• [Your goal] Set down, word for word, every line of the material below from the one containing "Taffeta Sequins Table Linen in Ivory" through the one containing "Loowoko L Hiking", but none of its pictures.

[Information supplied Boundary: Start]

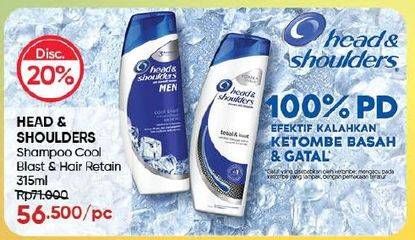 Promo Harga Head & Shoulders Men Shampoo Cool Blast, Hair Retain 315 ml - Guardian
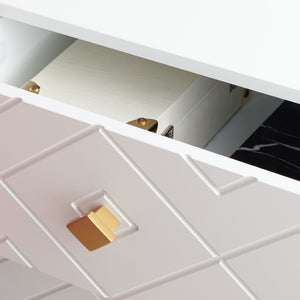 Safavieh Wilfred Stylish 2-Drawer Nightstand With Diamond Pattern & Gold Accents For Elegant Bedroom Decor NST5009A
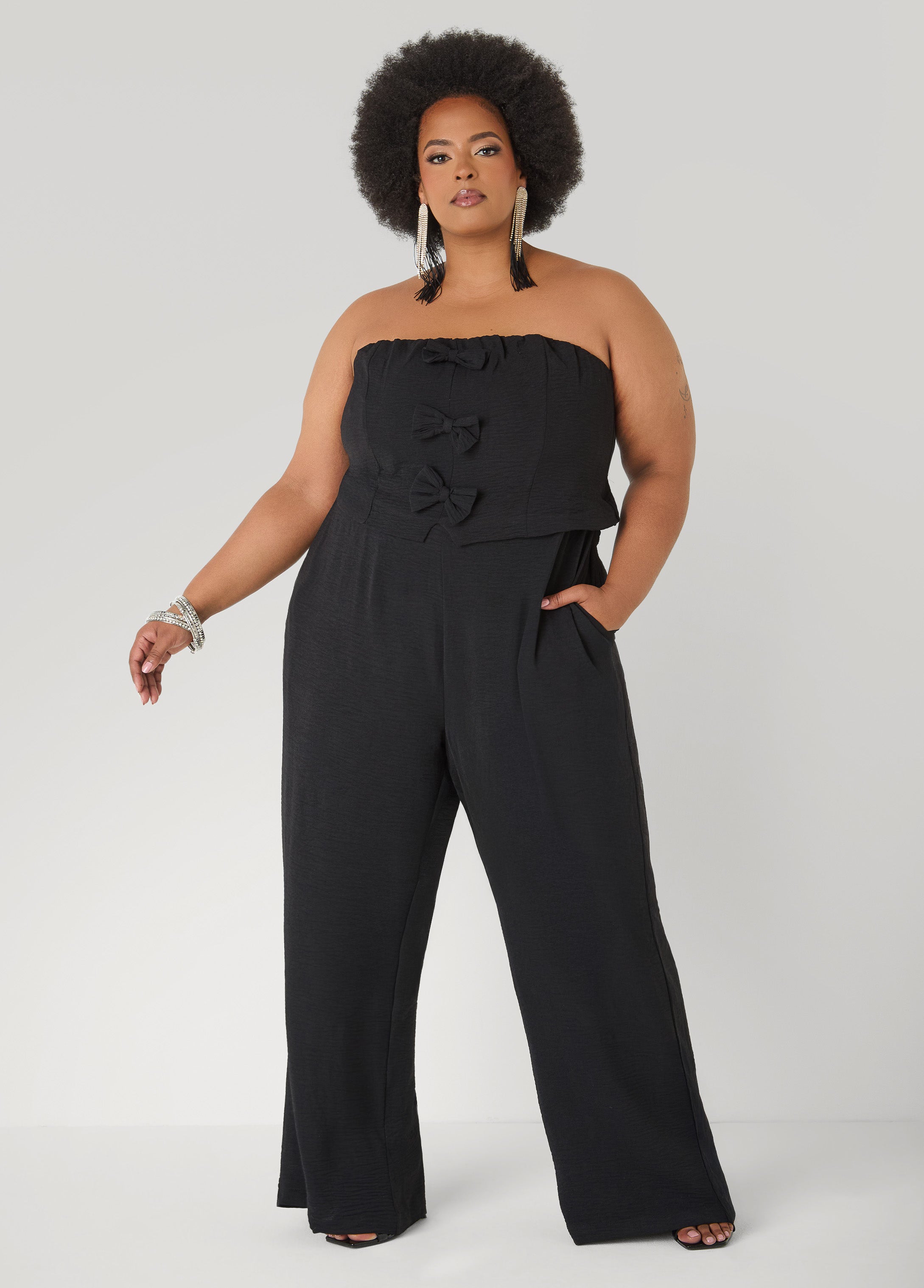Strapless Bow Embellished Jumpsuit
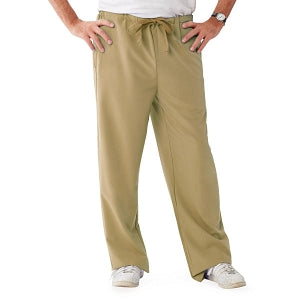 Medline Newport ave Unisex Stretch Fabric Scrub Pants with Drawstring - Newport ave Unisex Drawstring Waist Scrub Pants with 3 Pockets, Size XS Regular Inseam, Khaki - 5900KHKXS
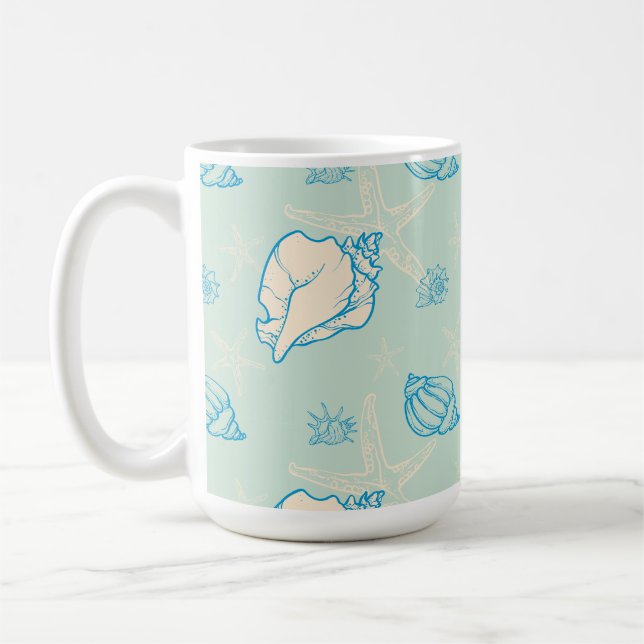 seashells and starfish coffee mug (Left)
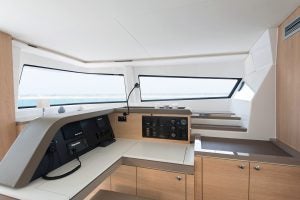 Bali 5.4 interior navigation station table with forward facing windows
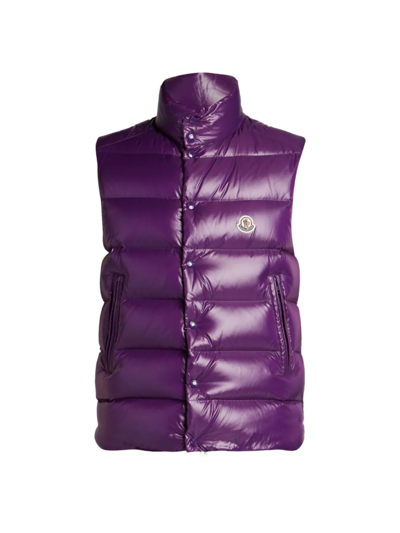 Shop Moncler Men's Tibb Quilted Vest In Purple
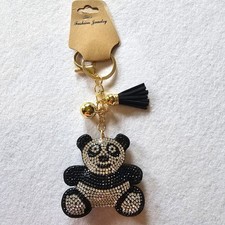 Panda Bear Large Rhinestone Covered Puffy Keychain Or Bag Charm W Tassel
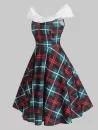 Plaid Off Shoulder Knotted Knee Length Dress
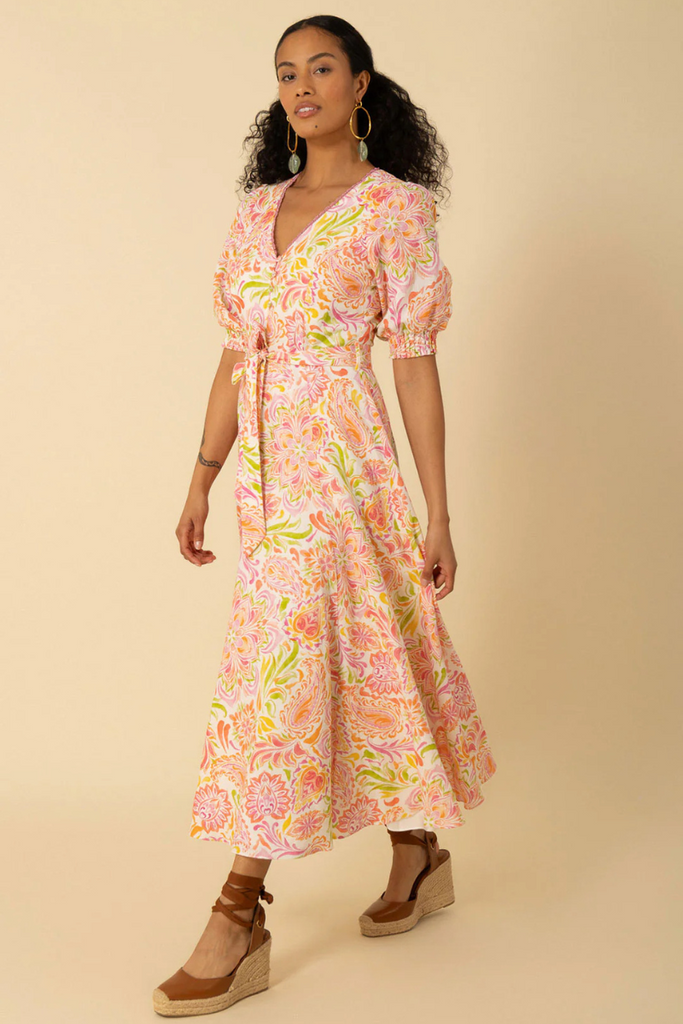 Hale Bob | Faye Short Sleeve Maxi Dress | Pink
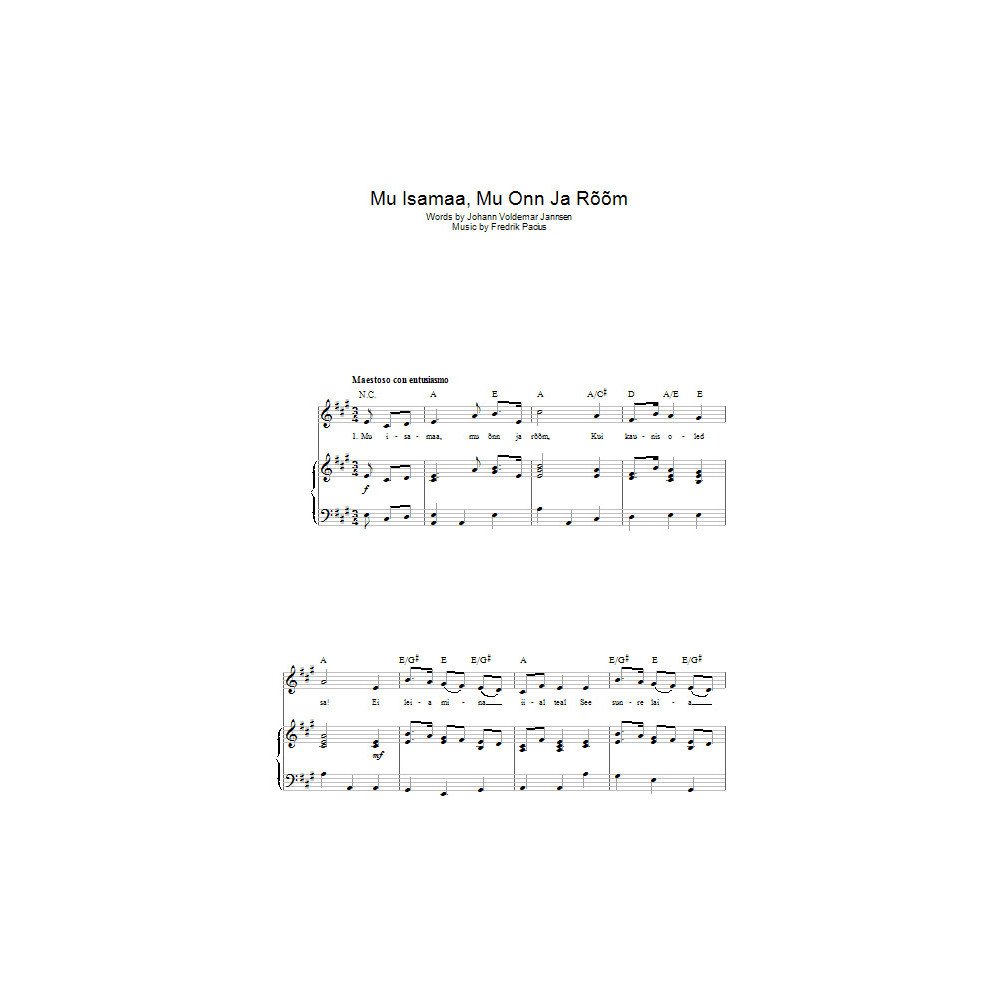 Mu Isamaa, Mu Onn Ja Room (Estonian National Anthem)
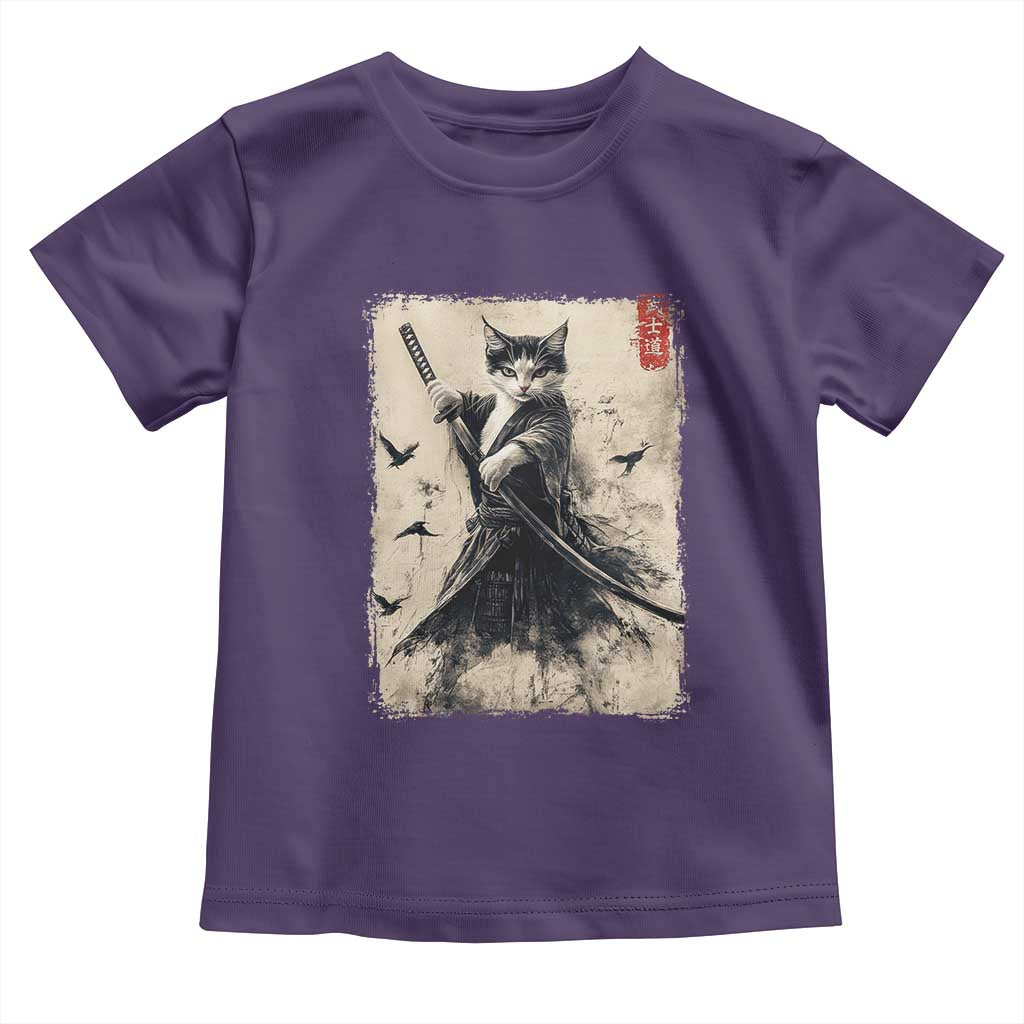 Samurai Cat Graphic Toddler T Shirt Warrior Vintage Japanese Art Anime TS02 Purple Print Your Wear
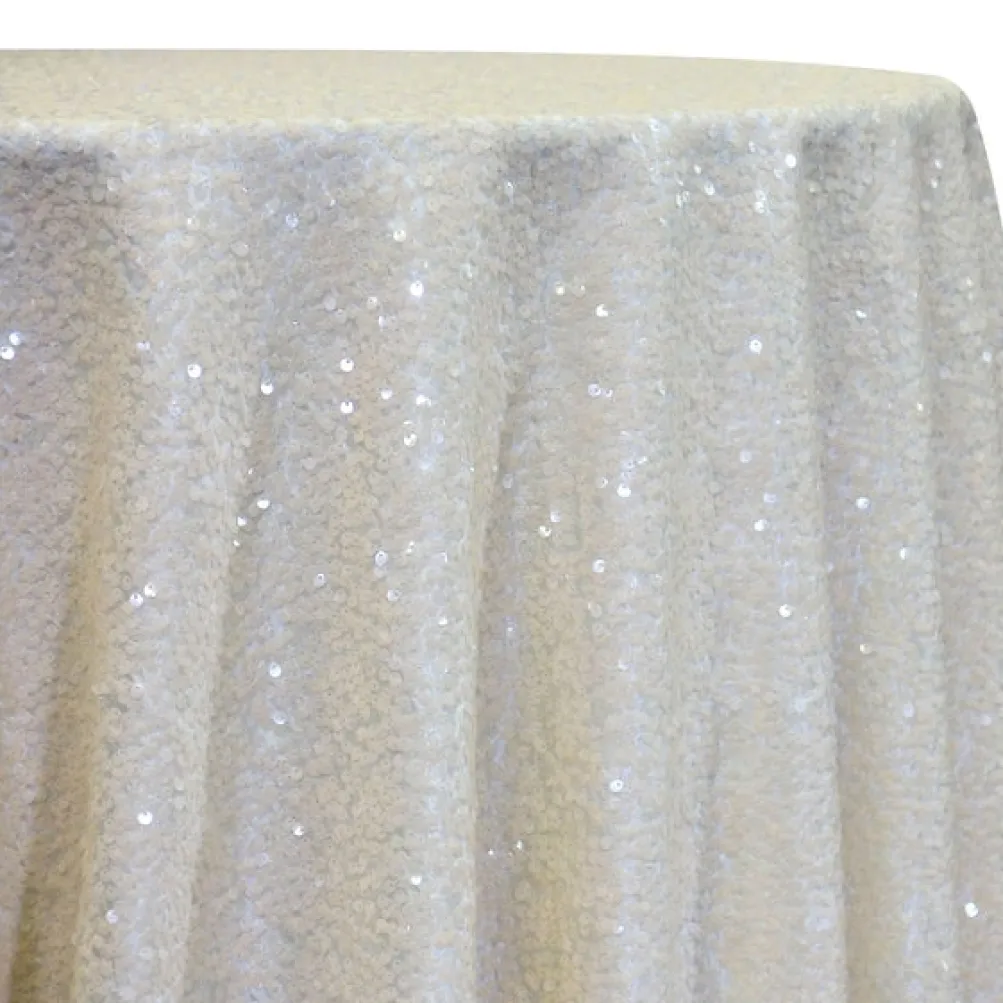 Taffeta Sequins Table Linen in Ivory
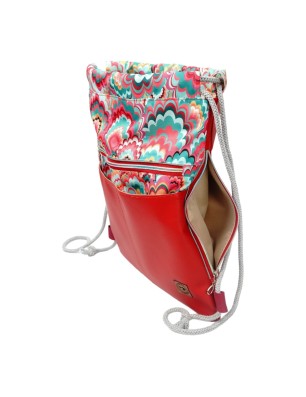 Szycie z pasją|Worko-Plecak Czerwony z Motywem Fal – Handmade z Ukrytą Kieszenią na Zamek|Worko-plecaki z ukrytą kieszonką|SZYCIE Z PASJĄ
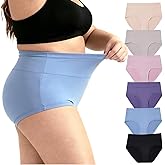 WhilyeePam Women's Plus Size Underwear XL-5XL Panties High Waisted Briefs 6-Pack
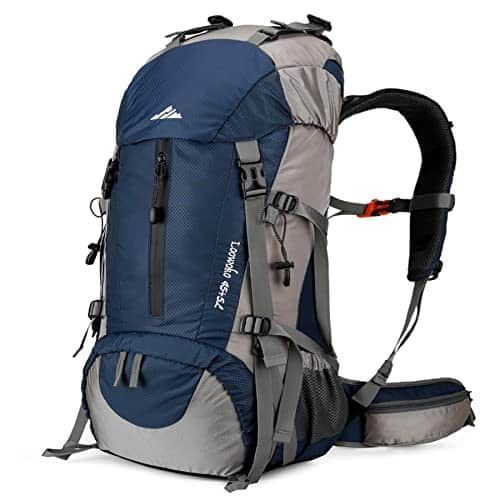 Loowoko L Hiking Backpack, Waterproof Camping Essentials Bag with Rain Cover, +Liter Lightweight Backpacking Back Pack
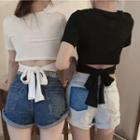 Tie-back Cutout Cropped T-shirt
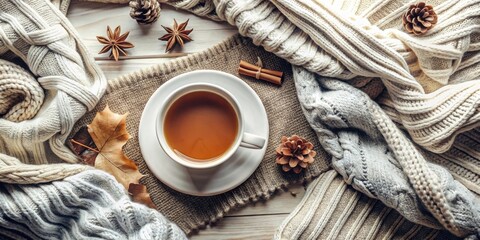 A cup of tea nestled amongst cozy knitted fabrics, autumn leaves, and cinnamon sticks, creating a warm and inviting atmosphere.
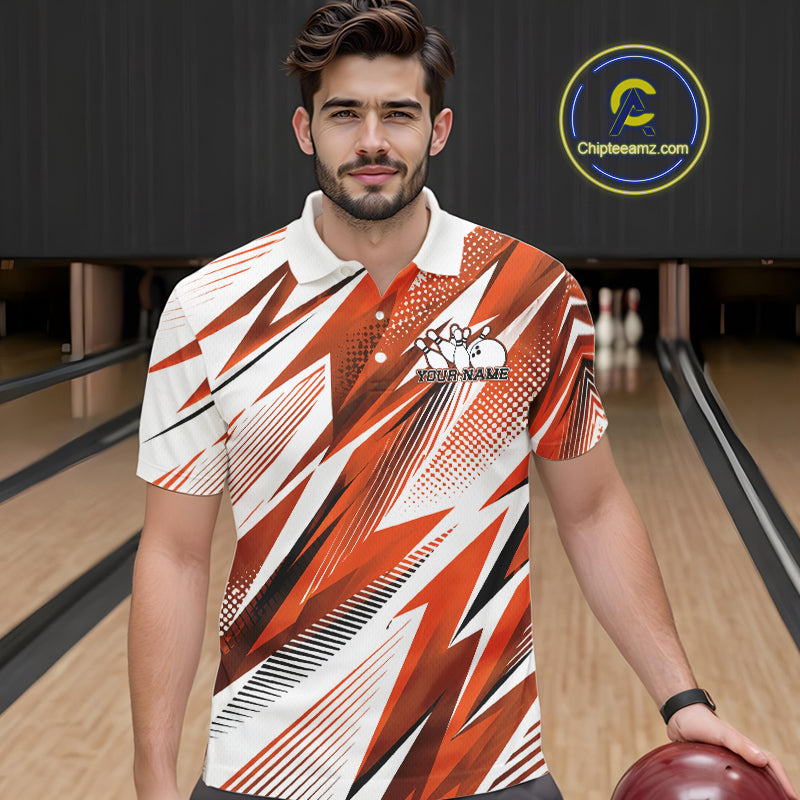 Custom Orange Bowling Team Polo Shirts, Bowling League Shirt Bowler Jerseys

[Information supplied Boundary: End]

• [Task response]
 Taffeta Sequins Table Linen in Ivory
 Szycie z pasją|Worko-Plecak Czerwony z Motywem Fal – Handmade z Ukrytą Kieszenią na Zamek|Worko-plecaki z ukrytą kieszonką|SZYCIE Z PASJĄ
 WhilyeePam Women's Plus Size Underwear XL-5XL Panties High Waisted Briefs 6-Pack
 Loowoko L Hiking Backpack, Waterproof Camping Essentials Bag with Rain Cover, +Liter Lightweight Backpacking Back Pack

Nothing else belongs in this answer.